Modernize Apache Spark workflows using Spark Connect on Amazon EMR on Amazon EC2

Apache Spark Connect, introduced in Spark 3.4, enhances the Spark ecosystem by offering a client-server architecture that separates the Spark runtime from the client application. Spark Connect enables more flexible and efficient interactions with Spark clusters, particularly in scenarios where direct access to cluster resources is limited or impractical.

A key use case for Spark Connect on Amazon EMR is to be able to connect directly from your local development environments to Amazon EMR clusters. By using this decoupled approach, you can write and test Spark code on your laptop while using Amazon EMR clusters for execution. This capability reduces development time and simplifies data processing with Spark on Amazon EMR.

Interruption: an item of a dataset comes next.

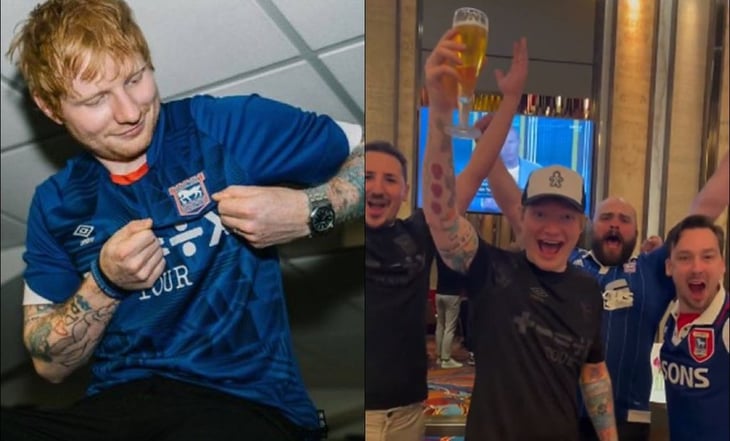 Ed Sheeran festejó el ascenso del Ipswich Town a la Premier League bebiendo cerveza
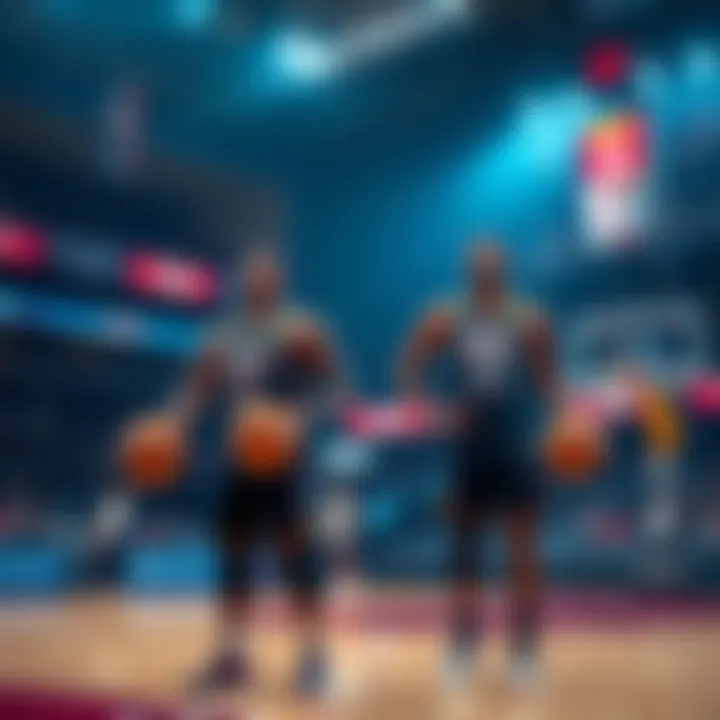 Two NBA players warming up on the court before a game, with basketballs in hand and focused expressions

In this post, we demonstrate how to implement Apache Spark Connect on Amazon EMR on Amazon Elastic Compute Cloud (Amazon EC2) to build decoupled data processing applications. We show how to set up and configure Spark Connect securely, so you can develop and test Spark applications locally while executing them on remote Amazon EMR clusters.

Solution architecture

The architecture centers on an Amazon EMR cluster with two node types. The primary node hosts both the Spark Connect API endpoint and Spark Core components, serving as the gateway for client connections. The core node provides additional compute capacity for distributed processing. Although this solution demonstrates the architecture with two nodes for simplicity, it scales to support multiple core and task nodes based on workload requirements.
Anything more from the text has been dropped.